Com sua trama de conflitos familiares e sucessões de trono atreladas a metáforas a respeito de problemas sociais e da geopolítica, Pantera Negra ainda consegue desenvolver uma mitologia riquíssima em torno da fictícia Wakanda e das complexas relações políticas e afetivas tensionadas pelos seus personagens. Os habitantes dessa mitologia possuem, por vezes, percepções divergentes sobre a maneira como a riqueza de Wakanda deve ser administrada (protegida localmente para proteger os povos que a habitam ou compartilhá-la com o mundo?), bem como códigos de conduta particulares (dever a Wakanda, independente de quem assume o trono e em que circunstâncias, ou às relações de afeto e respeito que são criadas?). Tudo isso faz com que o filme ofereça para o espectador um mosaico de personagens interessantes que, a todo instante, provoca o público a considerar pontos de vista e repensar julgamentos sobre as ações provocadas, mesmo quando o foco das atenções é o vilão muito bem interpretado por Michael B. Jordan.

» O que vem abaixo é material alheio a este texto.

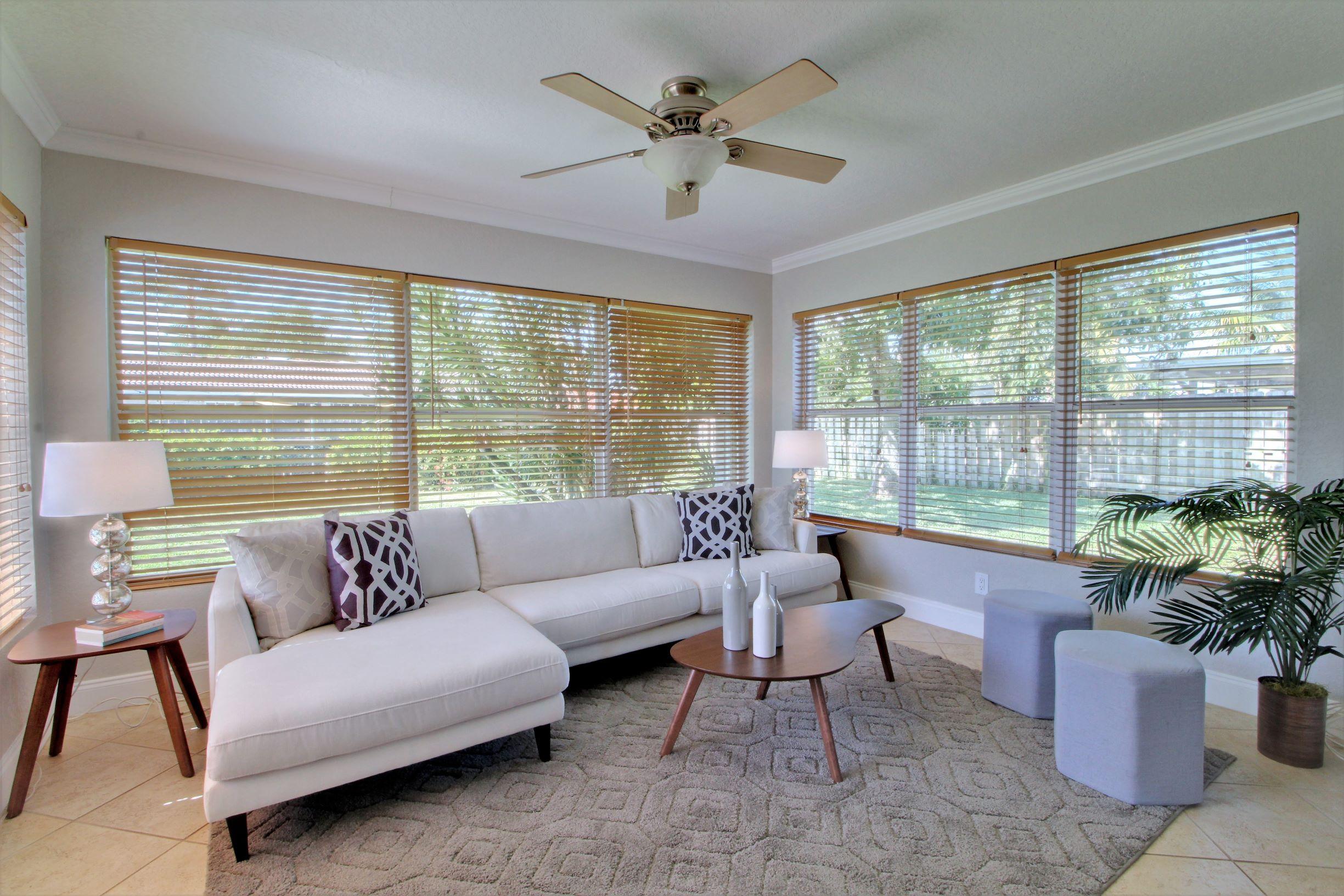 475 Northeast 32nd Street Boca Raton, FL 33431 - Photo 13 of 25 IMG_8974_5_6_Fusion-Interior (2)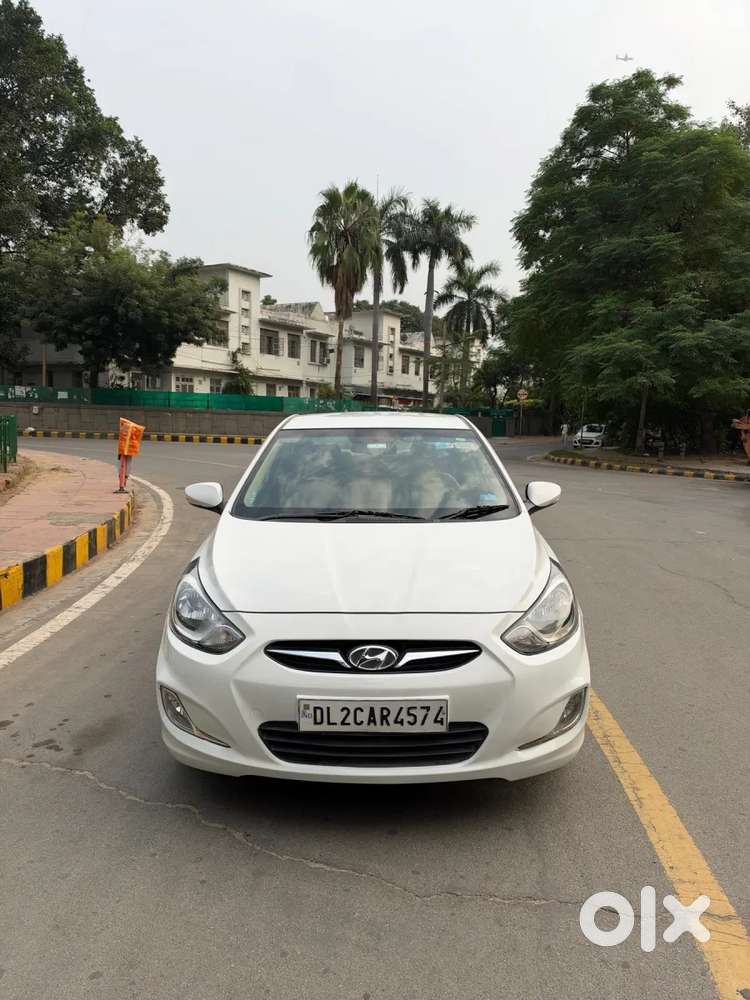 Hyundai Verna Fluidic 1.6 Vtvt, 2013, Petrol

Desde Capitão América: Soldado Invernal de 2014, a Marvel não oferecia uma obra capaz de deixar de lado a segurança de uma fórmula de sucesso para abraçar novos horizontes, além da potencialidade a ser explorada pelo universo peculiar de um dos seus personagens. Seria demais esperar que os próximos filmes do estúdio tivessem 1/10 da relevância de Pantera Negra porque possivelmente o rolo compressor da indústria deve legar um exemplar como esse num hiato relativamente longo de tempo. No entanto, é interessante que um evento assim seja realmente localizado na filmografia para conseguirmos distinguir aquilo que de fato é singular no catálogo da Marvel Studios daquilo que somente aparenta ser revolucionário mas que no fundo segue um "manjado" protocolo dos filmes de super-heróis. Pantera Negra é outra história.
Black Panther, 2018. Dir.: Ryan Coogler. Roteiro: Ryan Coogler e Joe Robert Cole. Elenco: Chadwick Boseman, Michael B. Jordan, Lupita Nyong'o, Danai Gurira, Letitia Wright, Angela Bassett, Forest Whitaker, Andy Serkis, Sterling K. Brown, Martin Freeman, Daniel Kaluuya, Winston Duke. Disney, 134 min.